Problem with SDXL model with MaxDiffusion on GCP

Hi, I’m trying to run MaxDiffusion (SDXL) on GCP and it OOMs. Tried with ICI DP=8 or FSDP=8, per_device_batch_size=1, it OOMs on a single H100 node (8xH100). SDXL is a relative small model with around 4B parameters and it should not OOM on a single node.

Here is the repo:

Here is the config & command:
export CHECKPOINTS=gs://{MY_GCS_BUCKET}/maxdiffusion_gpu/config_only/models–stabilityai–stable-diffusion-xl-base-1.0
export CHECKPOINTS_LOCAL_DIR=/tmp/maxdiffusion_gpu/config_only
export CHECKPOINTS_LOCAL=/tmp/maxdiffusion_gpu/config_only/models–stabilityai–stable-diffusion-xl-base-1.0

export LD_LIBRARY_PATH=/usr/local/cuda-12.6/compat:$LD_LIBRARY_PATH && pip install .[training] && mkdir -p $CHECKPOINTS_LOCAL_DIR && gsutil -m cp -R $CHECKPOINTS $CHECKPOINTS_LOCAL_DIR & $CHECKPOINTS_LOCAL/unet && python -m src.maxdiffusion.train_sdxl src/maxdiffusion/configs/base_xl.yml hardware=gpu run_name=$RUN_NAME output_dir=gs://$OUTPUT_PATH train_new_unet=true train_text_encoder=false cache_latents_text_encoder_outputs=true max_train_steps=20 ici_fsdp_parallelism=1 pretrained_model_name_or_path=$CHECKPOINTS_LOCAL per_device_batch_size=1

Hi Lance,

Thanks for your report.
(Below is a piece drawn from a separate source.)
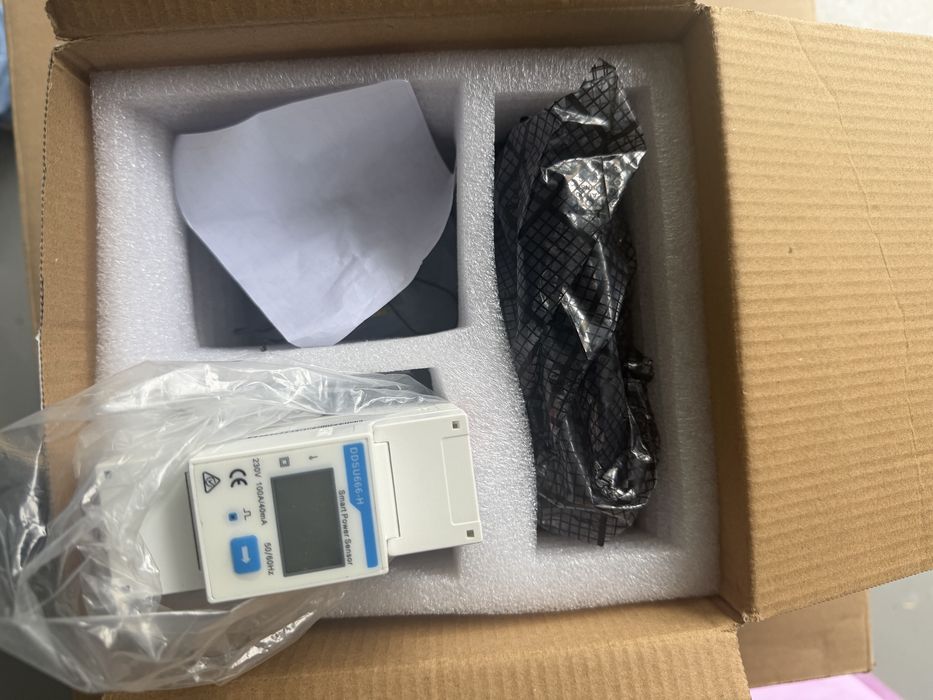 Huawei Sun2000 6 KTL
Filing this bug report on the MaxDiffusion repo might be a good idea. To debug this, some more information would be useful:

  • What’s the exact error message?
  • Did this work for you in any other configurations? Did this work previously?
  • If the error message mentions XLA, could you create an HLO dump? You’ll need to set the XLA_FLAGS environment variable to --xla_dump_to=/tmp/foo --xla_dump_hlo_pass_re=.*

Best,
Johannes